Collaborative Cities: Author Interview with Stephen Goldsmith and Kate Markin Coleman

Episode Summary

Professor Steve Goldsmith and co-author Kate Markin Coleman discuss their newest book, Collaborative Cities: Mapping Solutions to Wicked Problems.

Episode Notes

In this episode Senior Editor Betsy Gardner interviews Professor Steve Goldsmith and Kate Markin Coleman about their newest book, Collaborative Cities: Mapping Solutions to Wicked Problems. They discuss how their respective backgrounds in local government and nonprofits inform their ideas about collaboration and how important it is to work across sectors in order to improve services for residents. Coleman and Goldsmith outline how mapping and visualizing data is crucial to these collaborations, particularly around issues of public safety, homelessness, and sustainability.

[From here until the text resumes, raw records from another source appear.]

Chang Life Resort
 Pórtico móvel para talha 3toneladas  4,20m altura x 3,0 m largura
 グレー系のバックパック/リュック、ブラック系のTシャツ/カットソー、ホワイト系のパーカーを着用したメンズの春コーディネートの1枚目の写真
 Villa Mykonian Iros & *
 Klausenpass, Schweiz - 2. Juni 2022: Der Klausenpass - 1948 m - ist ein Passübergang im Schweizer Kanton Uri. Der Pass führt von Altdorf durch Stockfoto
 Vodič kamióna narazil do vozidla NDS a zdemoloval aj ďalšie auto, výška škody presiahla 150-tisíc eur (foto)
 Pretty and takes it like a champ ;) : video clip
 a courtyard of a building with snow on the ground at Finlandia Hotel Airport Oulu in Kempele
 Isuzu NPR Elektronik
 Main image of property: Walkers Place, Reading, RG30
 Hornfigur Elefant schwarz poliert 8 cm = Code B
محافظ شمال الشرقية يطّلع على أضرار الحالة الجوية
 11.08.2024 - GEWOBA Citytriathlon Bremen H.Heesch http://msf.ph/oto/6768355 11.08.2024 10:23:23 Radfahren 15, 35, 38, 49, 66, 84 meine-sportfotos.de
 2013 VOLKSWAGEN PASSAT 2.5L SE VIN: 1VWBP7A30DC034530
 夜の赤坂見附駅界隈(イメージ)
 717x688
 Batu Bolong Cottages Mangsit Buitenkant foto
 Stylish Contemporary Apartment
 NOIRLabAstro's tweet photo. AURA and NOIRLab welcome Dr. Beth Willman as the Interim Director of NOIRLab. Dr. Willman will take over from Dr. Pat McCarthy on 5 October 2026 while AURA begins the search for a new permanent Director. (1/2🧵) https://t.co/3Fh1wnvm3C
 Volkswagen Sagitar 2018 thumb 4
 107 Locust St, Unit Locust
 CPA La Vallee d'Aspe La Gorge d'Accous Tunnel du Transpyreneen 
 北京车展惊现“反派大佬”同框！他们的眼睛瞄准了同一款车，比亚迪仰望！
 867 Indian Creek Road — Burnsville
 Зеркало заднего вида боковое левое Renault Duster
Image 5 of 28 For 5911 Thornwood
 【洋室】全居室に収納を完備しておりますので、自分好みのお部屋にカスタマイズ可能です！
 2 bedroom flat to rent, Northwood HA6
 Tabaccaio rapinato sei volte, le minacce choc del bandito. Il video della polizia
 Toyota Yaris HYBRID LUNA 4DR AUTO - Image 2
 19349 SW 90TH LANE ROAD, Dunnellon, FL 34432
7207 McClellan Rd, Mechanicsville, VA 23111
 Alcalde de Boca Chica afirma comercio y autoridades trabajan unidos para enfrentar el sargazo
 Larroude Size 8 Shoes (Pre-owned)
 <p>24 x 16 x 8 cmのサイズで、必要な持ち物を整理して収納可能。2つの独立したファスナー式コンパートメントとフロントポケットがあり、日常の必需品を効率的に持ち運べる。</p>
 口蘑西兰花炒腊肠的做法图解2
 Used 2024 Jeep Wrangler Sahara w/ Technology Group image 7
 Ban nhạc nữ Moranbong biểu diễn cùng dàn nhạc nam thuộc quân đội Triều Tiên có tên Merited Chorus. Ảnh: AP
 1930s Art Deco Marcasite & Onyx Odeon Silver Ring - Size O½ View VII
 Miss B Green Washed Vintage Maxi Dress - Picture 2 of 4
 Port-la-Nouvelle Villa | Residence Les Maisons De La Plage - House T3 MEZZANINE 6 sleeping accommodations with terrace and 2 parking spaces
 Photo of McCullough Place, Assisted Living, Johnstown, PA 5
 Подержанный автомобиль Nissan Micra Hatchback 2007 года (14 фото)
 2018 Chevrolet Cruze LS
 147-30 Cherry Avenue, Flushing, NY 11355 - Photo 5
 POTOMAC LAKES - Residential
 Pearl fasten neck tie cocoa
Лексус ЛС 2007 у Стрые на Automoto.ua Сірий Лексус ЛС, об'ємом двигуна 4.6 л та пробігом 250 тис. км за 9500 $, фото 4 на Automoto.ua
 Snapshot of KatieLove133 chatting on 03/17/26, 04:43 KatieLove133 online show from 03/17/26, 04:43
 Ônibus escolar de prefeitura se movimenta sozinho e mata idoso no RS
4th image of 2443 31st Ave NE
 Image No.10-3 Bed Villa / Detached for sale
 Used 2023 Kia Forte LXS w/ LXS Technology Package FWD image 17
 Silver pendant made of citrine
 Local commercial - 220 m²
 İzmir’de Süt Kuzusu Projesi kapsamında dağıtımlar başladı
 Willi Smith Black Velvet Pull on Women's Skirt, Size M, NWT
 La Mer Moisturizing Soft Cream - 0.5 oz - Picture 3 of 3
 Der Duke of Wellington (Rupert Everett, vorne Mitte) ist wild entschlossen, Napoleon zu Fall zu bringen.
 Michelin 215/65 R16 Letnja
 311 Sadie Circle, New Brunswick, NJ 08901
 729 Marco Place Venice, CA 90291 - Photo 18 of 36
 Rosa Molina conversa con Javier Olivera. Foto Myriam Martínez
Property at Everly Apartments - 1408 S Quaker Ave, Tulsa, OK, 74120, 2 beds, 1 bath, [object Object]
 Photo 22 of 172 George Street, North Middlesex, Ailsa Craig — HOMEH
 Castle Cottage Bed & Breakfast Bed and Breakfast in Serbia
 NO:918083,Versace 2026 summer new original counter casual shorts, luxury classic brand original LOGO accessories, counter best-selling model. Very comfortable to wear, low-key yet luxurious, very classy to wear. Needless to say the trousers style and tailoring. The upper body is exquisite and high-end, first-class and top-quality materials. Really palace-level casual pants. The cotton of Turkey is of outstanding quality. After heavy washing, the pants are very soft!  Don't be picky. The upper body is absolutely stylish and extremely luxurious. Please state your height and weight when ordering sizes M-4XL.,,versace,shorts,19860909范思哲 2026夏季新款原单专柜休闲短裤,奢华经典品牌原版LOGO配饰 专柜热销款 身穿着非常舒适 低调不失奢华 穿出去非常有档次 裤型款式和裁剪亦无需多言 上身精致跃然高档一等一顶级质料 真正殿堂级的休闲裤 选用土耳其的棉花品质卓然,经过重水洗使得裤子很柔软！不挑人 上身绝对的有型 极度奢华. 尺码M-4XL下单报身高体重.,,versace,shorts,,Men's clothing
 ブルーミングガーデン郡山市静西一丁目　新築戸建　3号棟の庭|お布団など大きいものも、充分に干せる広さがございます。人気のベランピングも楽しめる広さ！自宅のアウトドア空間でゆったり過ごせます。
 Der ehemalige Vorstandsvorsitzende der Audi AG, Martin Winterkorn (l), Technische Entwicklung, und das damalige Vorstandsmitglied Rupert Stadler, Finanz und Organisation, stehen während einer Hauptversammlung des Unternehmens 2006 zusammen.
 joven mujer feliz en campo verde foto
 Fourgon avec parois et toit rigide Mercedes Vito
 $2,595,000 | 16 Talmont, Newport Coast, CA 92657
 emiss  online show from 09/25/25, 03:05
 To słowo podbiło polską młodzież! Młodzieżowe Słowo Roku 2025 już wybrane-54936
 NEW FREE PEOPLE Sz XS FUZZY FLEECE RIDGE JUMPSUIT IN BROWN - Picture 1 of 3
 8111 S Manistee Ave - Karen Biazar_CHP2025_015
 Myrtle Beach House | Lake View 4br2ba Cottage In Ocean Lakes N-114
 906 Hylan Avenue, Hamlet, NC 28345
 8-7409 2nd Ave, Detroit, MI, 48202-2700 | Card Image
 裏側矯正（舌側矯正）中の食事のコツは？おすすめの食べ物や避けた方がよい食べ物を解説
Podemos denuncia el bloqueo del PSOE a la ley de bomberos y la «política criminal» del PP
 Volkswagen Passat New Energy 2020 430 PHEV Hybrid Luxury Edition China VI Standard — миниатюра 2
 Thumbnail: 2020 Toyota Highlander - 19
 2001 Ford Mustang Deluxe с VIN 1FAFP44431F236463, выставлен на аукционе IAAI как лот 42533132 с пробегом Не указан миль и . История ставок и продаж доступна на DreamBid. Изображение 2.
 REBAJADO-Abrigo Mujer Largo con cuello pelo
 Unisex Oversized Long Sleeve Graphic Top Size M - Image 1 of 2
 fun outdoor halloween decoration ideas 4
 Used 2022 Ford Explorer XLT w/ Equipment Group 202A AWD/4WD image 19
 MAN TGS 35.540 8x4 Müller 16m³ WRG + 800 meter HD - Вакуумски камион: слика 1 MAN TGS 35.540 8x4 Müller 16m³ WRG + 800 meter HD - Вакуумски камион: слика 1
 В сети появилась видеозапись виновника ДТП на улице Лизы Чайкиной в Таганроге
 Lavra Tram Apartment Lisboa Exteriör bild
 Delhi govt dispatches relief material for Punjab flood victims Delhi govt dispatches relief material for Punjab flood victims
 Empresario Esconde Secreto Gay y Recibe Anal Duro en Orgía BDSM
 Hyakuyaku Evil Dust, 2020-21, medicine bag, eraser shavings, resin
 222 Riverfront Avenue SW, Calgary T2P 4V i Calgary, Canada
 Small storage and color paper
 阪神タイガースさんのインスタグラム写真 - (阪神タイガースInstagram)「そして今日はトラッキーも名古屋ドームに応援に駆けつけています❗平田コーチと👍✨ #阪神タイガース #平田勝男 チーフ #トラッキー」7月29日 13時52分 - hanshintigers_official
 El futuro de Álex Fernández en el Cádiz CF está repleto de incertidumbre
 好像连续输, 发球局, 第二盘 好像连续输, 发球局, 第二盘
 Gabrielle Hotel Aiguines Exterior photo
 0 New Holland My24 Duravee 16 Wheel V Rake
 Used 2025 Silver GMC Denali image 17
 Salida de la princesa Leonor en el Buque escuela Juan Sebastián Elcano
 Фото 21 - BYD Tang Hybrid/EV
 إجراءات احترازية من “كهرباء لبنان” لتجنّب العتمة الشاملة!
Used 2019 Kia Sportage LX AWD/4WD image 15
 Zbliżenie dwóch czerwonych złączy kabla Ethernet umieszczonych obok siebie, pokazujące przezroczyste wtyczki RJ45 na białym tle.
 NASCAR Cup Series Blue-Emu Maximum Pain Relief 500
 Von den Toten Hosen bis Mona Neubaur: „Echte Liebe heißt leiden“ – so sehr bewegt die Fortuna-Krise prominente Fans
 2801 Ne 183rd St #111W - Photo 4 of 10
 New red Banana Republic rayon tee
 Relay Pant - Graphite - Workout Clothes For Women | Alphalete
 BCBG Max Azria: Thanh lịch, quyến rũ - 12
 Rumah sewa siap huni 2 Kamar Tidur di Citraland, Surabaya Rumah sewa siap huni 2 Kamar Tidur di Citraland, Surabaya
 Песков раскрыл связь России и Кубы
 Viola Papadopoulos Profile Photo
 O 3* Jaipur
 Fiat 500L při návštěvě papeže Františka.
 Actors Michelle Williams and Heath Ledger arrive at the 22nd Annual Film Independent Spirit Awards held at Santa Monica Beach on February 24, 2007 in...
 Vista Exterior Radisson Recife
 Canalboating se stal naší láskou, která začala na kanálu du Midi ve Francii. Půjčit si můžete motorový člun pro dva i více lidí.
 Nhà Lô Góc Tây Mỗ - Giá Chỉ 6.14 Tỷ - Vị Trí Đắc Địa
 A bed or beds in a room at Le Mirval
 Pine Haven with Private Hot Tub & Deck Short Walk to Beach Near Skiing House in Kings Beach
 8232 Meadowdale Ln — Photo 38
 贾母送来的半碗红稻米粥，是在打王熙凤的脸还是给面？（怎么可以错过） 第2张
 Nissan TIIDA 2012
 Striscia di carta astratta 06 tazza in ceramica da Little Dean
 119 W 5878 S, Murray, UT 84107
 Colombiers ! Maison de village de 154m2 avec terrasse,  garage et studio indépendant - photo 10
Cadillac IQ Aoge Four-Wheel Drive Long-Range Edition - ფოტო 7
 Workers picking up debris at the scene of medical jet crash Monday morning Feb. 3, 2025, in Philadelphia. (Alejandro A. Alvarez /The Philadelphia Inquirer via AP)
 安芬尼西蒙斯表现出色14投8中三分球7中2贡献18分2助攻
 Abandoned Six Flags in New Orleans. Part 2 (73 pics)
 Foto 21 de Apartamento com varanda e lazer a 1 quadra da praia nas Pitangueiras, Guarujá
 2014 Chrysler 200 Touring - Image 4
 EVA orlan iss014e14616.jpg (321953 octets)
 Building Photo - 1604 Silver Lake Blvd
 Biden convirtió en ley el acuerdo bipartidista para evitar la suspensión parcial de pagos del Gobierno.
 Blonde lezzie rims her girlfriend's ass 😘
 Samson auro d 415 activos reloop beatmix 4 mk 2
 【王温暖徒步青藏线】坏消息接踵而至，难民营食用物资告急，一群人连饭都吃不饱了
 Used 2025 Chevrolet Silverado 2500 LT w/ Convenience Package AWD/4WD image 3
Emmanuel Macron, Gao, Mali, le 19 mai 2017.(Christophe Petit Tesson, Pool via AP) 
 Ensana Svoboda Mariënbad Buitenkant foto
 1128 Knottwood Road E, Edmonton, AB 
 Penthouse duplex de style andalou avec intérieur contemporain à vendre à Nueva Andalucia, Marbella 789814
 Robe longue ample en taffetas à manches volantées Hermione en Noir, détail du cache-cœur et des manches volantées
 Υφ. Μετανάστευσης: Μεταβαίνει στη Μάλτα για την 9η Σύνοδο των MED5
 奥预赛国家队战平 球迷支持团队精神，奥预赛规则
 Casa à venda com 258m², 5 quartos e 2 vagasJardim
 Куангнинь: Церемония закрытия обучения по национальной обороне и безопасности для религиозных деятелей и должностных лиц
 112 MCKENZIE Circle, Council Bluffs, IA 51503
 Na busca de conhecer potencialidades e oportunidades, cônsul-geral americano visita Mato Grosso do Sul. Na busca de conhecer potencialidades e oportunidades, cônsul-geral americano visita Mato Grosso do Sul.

Music credit: Summer-Man by Ketsa

About Data-Smart City Solutions

Data-Smart City Solutions, housed at the Bloomberg Center for Cities at Harvard University, is working to catalyze the adoption of data projects on the local government level by serving as a central resource for cities interested in this emerging field. We highlight best practices, top innovators, and promising case studies while also connecting leading industry, academic, and government officials. Our research focus is the intersection of government and data, ranging from open data and predictive analytics to civic engagement technology. We seek to promote the combination of integrated, cross-agency data with community data to better discover and preemptively address civic problems. To learn more visit us online and follow us on Twitter

Episode Transcription

Betsy Gardner: Hi, this is Betsy Gardner, Senior Editor at the Harvard Kennedy School and Producer of the Data-Smart City Pod. Since we started this podcast, we've had great support from our listeners. And to make sure that you don't miss an episode, please find us under the new Data-Smart City Pod channel wherever you listen. Make sure to subscribe so you get each episode and thanks for listening.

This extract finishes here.